[net.sf-lovers] IN MILTON LUMKY TERRITORY by Philip K Dick

donn@utah-cs (08/09/85)

From: donn@utah-cs (Donn Seeley)

(I hope you won't mind seeing a review of a non-sf book here, but it IS
by Philip K Dick, who has many rabid fans in the sf community, crazy
people who might actually take the time to read a few of his mainstream
novels...  Like me.) IN MILTON LUMKY TERRITORY (Dragon Press: c1985,
213 pp) is one in a series of mainstream novels by Dick to reach the
public in recent years.  When Dick's career was beginning he wrote some
11 mainstream novels, none of which he succeeded in publishing at the
time they were written.  (More information about the unpublished novels
can be found in Kim Stanley Robinson's PhD dissertation, THE NOVELS OF
PHILIP K DICK.) In 1975 Dick's novel CONFESSIONS OF A CRAP ARTIST was
published, and it proved to be as good and as interesting as his best
science fiction.  THE MAN WHOSE TEETH WERE ALL EXACTLY ALIKE, Dick's
last mainstream novel (written after CONFESSIONS and immediately before
THE MAN IN THE HIGH CASTLE) was next to appear.  TEETH provides a
wonderful view of the psychological anatomy of Dick's characters, and
is possibly the clearest example of his favorite theme, which is that
all human beings live in their own separate realities.

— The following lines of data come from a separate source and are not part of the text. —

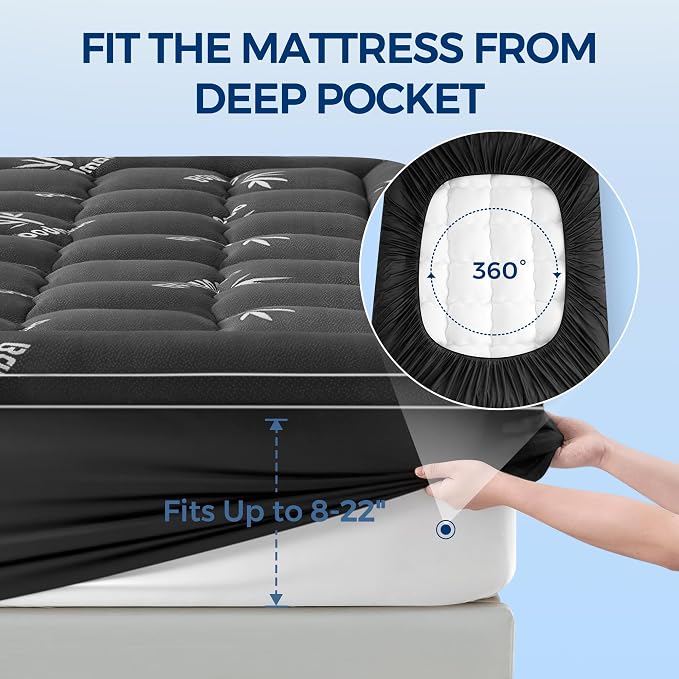 Mattress Topper King Size, Cooling Extra Thick Breathable Viscose Made from - Image 6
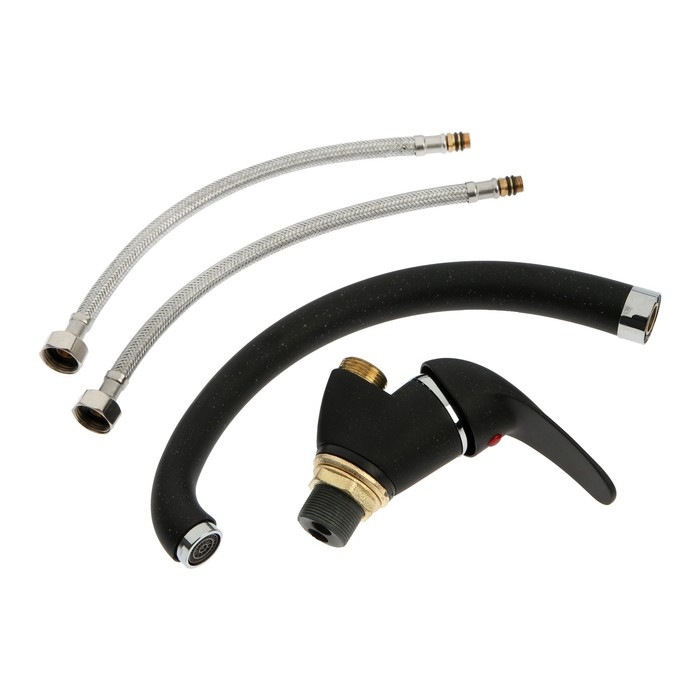 Смеситель для кухни Смеситель для кухни "АМУР" BY 2010-01 S B TYE-2109, однорычажный, излив 150 мм, черный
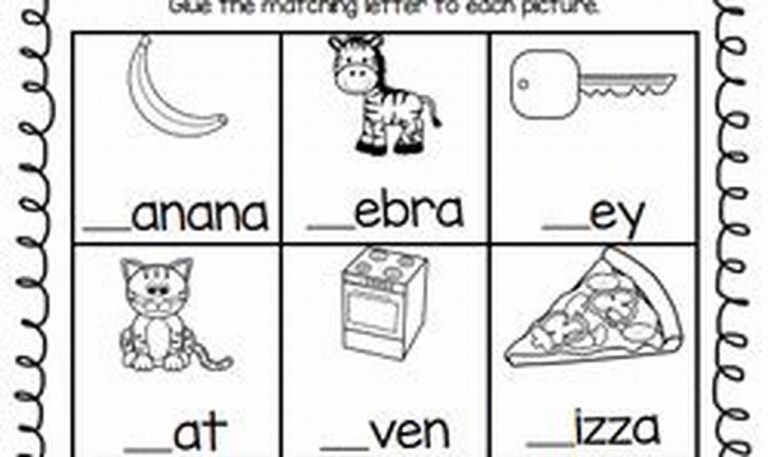 Phonemic Awareness First Grade Beginning Sounds Worksheets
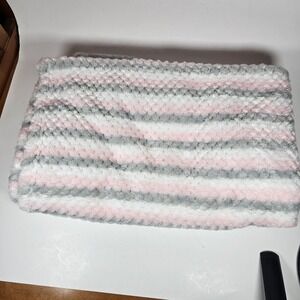 Swiggles Striped Baby Blanket Pink Gray Textured Fleece Plush Lovey Security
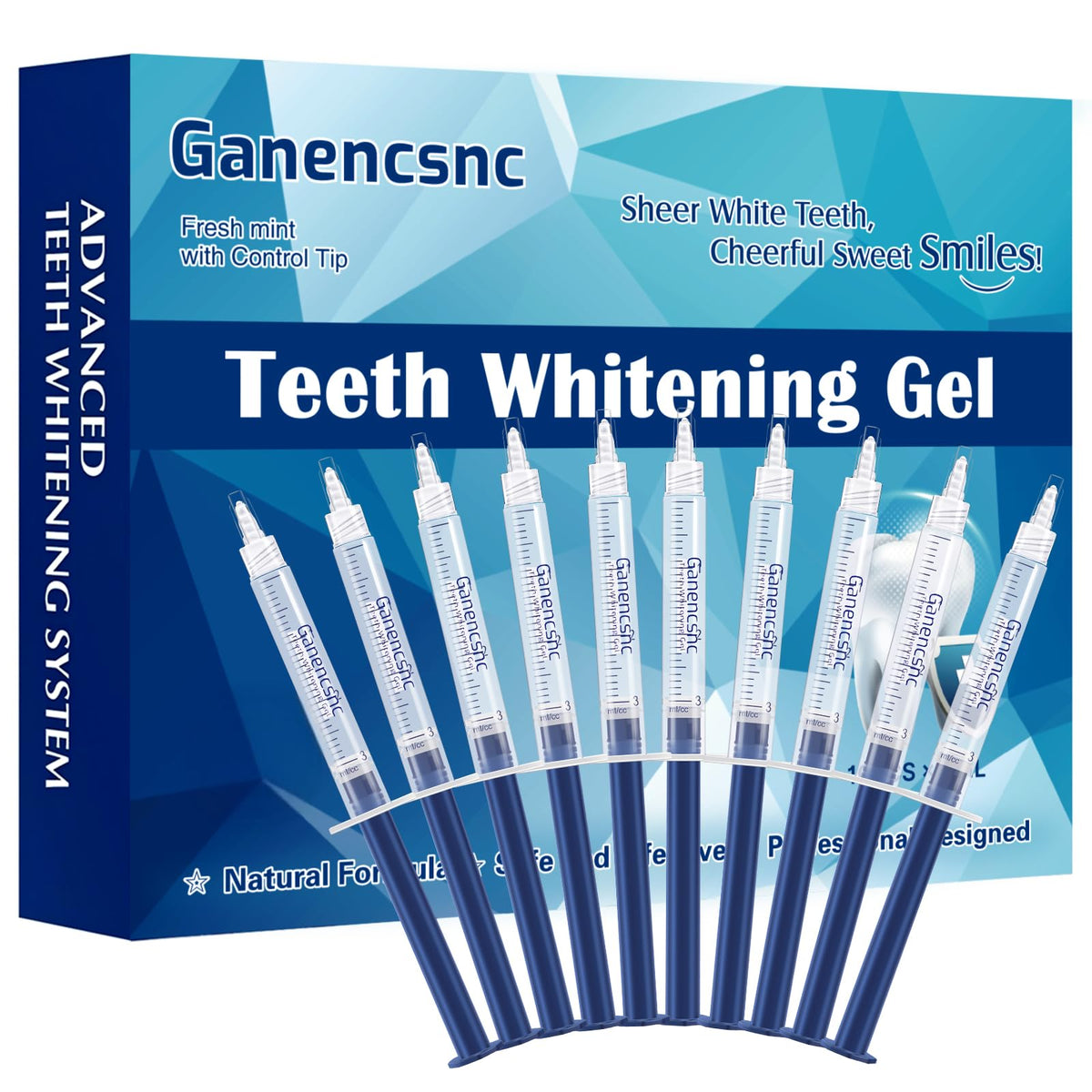 Ganencsnc botella de gel blanqueador derramándose; uso suave para blanqueamiento cómodo.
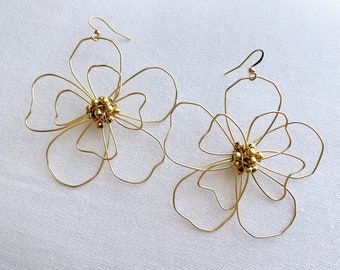 Flower Statement Earrings Handworked Modern Floral Giant Daisy Jewelry Handmade Large Wire Earrings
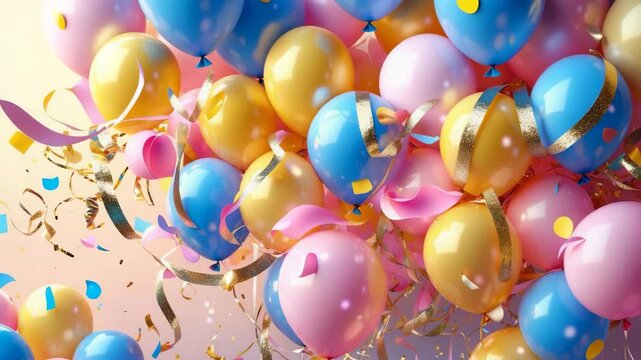 Bright birthday party frame featuring animated confetti and fun decorations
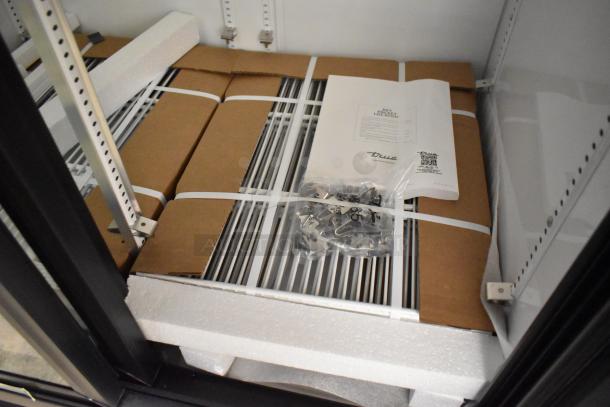 Brand new 2025 True GDM-33-HC-LD 2-door cooler, poly-coated racks, slight scratch and dent, 115V, 1 phase, includes manual.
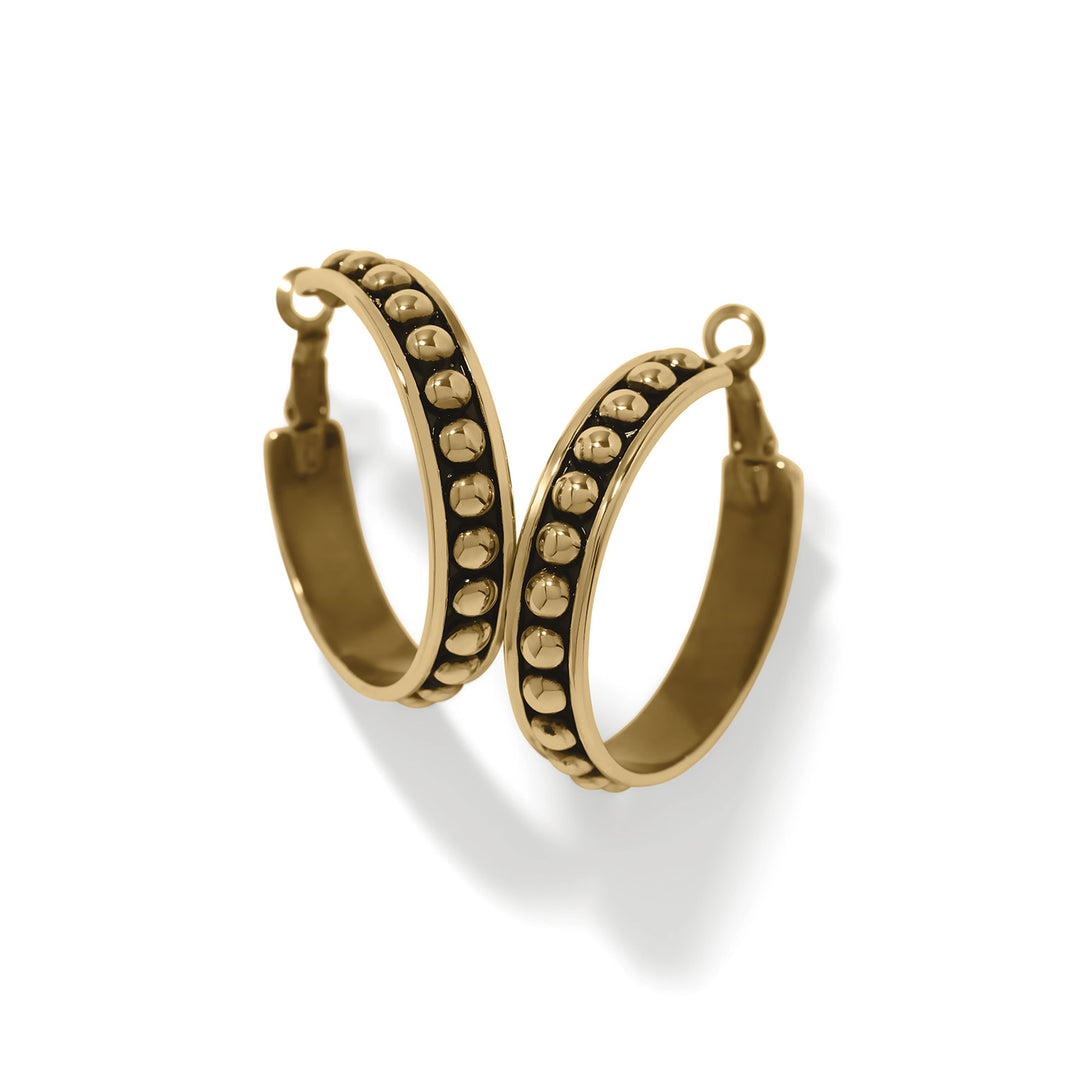Brighton Pretty Tough Stud Brass Large Hoop Earrings, studded brass hoop earrings, front view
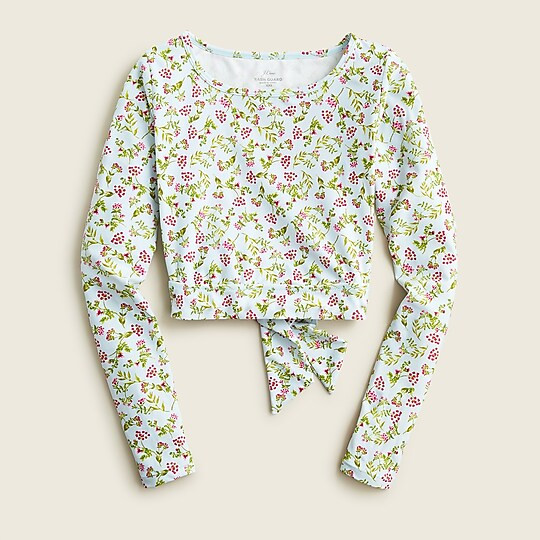Cropped rash guard in cloud meadow floral | J. Crew US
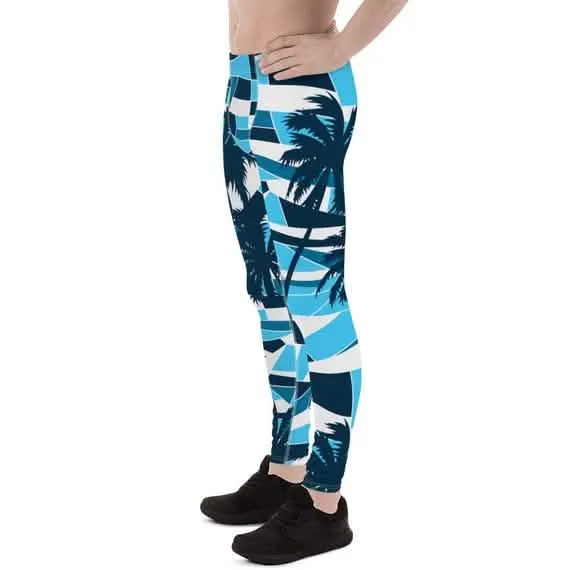 Men's Ocean Wave Tropical Palm Tree Performance Leggings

TERRITORY is the story of Bruce Stevens, a young man who knows he can
make it in the commercial world.  Over the course of the book we see
how his confidence and arrogance affect those around him, and how he in
turn is affected by circumstance in ways that are beyond his control,
until he reaches a point when his reality begins to crumble.  I don't
want to give the impression that Dick wanders away on one of his head
trips in this novel -- the style is concrete, grittily realistic,
placing the reader squarely in the middle of Stevens' misaligned
relationships, putting you behind the wheel of his Merc as he drives
around the West of the 1950s looking for deals on electric typewriters
and falling in love, making mistakes, laughing and crying.  But the
people are unmistakably Dick people, and out of the context of his sf
novels we get to see just how excruciatingly real these people are.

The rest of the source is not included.